D’Agosta blickte zu Gibbs, der Pendergast mit starrem Blick fixierte. Seine Miene ließ seine Missbilligung deutlich erkennen.
Wieder ein Schritt nach vorn – und dann fiel das helle Licht auf Pendergasts Gesicht, strich von einer Seite zur anderen darüber hinweg und meißelte seine Züge zu marmorner Vollkommenheit. Er wandte sich um. »Seien Sie gegrüßt, Agent Gibbs.«
»Ebenso.«
»Die Verbindung zwischen den Abteilungen ist zu Ihrer Zufriedenheit hergestellt, nehme ich an?«
Schweigen. »Wenn Sie es schon erwähnen: Nein, ich habe bisher noch keine Bestätigung für Ihre Mitarbeit an diesem Fall.«
Ein Ts-ts seitens Pendergasts. »Ah, die FBI-Bürokratie, so ungemein berechenbar.«
»Aber natürlich«, sagte Gibbs mit kaum verhohlener Ablehnung, »begrüße ich stets jede Unterstützung seitens eines FBI-Kollegen.«
»Unterstützung«, wiederholte Pendergast.
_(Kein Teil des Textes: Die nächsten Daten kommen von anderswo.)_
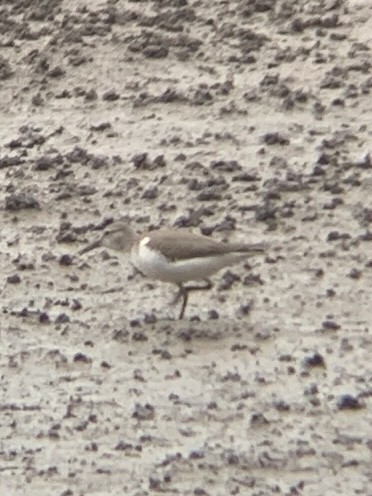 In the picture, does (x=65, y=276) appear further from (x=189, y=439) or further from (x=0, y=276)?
(x=189, y=439)

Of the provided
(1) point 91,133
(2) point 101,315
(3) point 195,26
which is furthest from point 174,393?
(3) point 195,26

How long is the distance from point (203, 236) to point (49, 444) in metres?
1.74

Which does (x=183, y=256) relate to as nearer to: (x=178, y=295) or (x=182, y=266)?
(x=182, y=266)

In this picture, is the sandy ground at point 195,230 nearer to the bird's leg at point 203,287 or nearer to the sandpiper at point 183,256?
the bird's leg at point 203,287

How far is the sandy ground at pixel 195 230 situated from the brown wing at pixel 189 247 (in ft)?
1.01

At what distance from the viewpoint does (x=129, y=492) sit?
250 inches

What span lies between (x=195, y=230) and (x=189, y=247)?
0.95m

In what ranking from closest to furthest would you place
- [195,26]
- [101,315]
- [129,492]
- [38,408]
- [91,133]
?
[129,492] → [38,408] → [101,315] → [91,133] → [195,26]

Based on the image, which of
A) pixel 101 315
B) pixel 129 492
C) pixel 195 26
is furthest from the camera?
pixel 195 26

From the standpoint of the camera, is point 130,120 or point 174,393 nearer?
point 174,393

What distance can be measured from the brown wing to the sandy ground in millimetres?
309

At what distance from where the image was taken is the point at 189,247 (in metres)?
7.73

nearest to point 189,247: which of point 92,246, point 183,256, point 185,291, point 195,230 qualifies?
point 183,256

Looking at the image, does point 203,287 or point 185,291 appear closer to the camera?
point 185,291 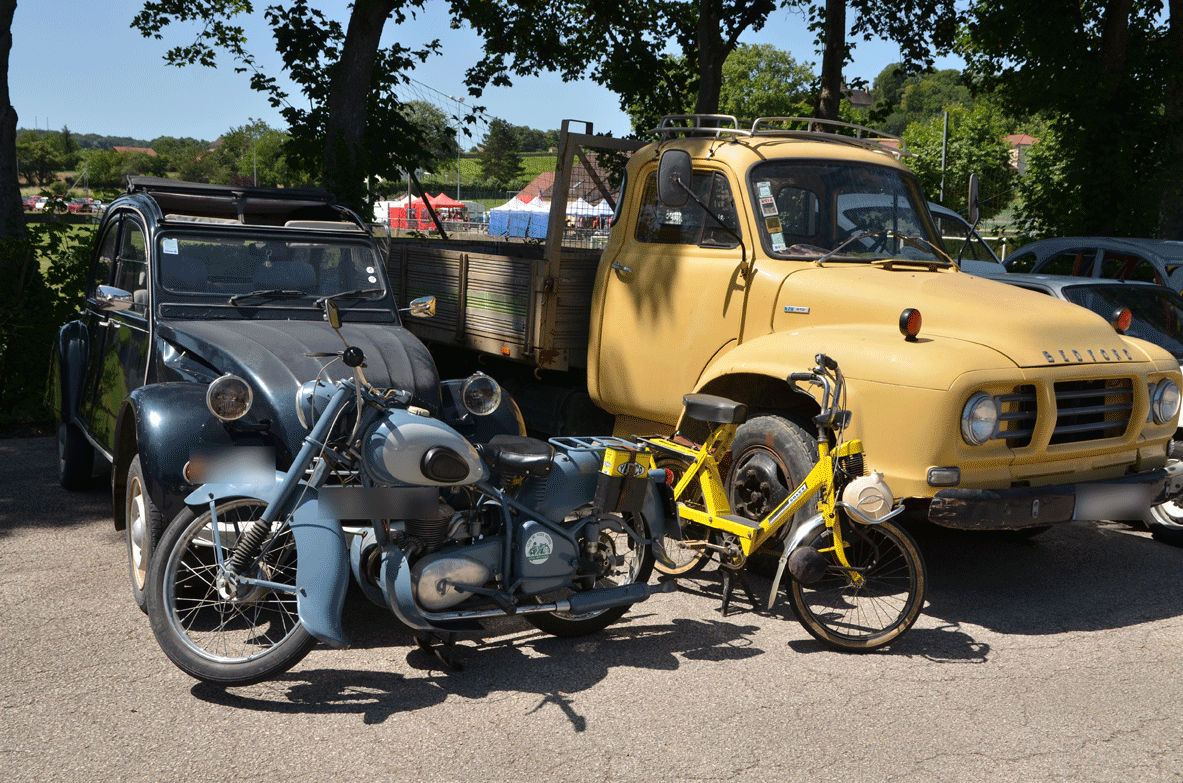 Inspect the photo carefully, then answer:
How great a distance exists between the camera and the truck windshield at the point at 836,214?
20.1 ft

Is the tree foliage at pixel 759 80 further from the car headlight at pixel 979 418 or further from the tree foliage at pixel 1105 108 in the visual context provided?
the car headlight at pixel 979 418

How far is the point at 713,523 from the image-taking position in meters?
5.20

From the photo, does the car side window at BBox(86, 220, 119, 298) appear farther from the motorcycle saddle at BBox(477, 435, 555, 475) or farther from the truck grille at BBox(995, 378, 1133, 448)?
the truck grille at BBox(995, 378, 1133, 448)

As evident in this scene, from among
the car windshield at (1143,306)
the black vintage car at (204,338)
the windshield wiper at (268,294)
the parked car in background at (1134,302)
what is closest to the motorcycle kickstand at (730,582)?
the black vintage car at (204,338)

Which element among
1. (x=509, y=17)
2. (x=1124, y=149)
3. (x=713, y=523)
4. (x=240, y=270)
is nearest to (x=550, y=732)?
(x=713, y=523)

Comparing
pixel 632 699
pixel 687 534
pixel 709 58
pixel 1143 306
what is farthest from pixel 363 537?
pixel 709 58

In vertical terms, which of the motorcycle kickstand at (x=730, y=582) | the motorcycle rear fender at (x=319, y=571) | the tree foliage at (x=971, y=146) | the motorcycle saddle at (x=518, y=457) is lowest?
the motorcycle kickstand at (x=730, y=582)

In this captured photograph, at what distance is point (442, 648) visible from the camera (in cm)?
444

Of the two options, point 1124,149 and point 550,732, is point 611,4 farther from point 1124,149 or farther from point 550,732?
point 550,732

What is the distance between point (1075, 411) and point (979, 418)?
2.34 ft

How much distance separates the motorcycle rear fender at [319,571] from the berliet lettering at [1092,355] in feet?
11.2

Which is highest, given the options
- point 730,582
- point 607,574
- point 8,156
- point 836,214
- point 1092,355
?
point 8,156

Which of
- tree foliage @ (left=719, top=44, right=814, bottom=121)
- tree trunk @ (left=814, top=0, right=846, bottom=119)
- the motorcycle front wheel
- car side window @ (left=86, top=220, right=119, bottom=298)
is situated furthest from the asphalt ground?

Plötzlich hatte er sich in Bewegung gesetzt. Er ging um den Leichnam herum, bückte sich rasch, untersuchte Gegenstände mit einer Lupe, hob mit einer Pinzette etwas auf, das in ein Reagenzglas kam. Weitere schnelle, beinahe manische Bewegungen – und dann hatte er seinen Rundgang beendet und stand wieder Gibbs gegenüber.
»Zwei, sagen Sie?«
Gibbs nickte. »Ist nur eine Arbeitshypothese. Wir sind offensichtlich noch nicht an den Punkt gelangt, an dem wir Schlussfolgerungen ziehen können.«
»Ich würde sehr gern Ihre Ideen hören. Ich bin schrecklich interessiert.«
Pendergasts Wortwahl weckte ein gewisses Unbehagen in D’Agosta, aber er hielt den Mund.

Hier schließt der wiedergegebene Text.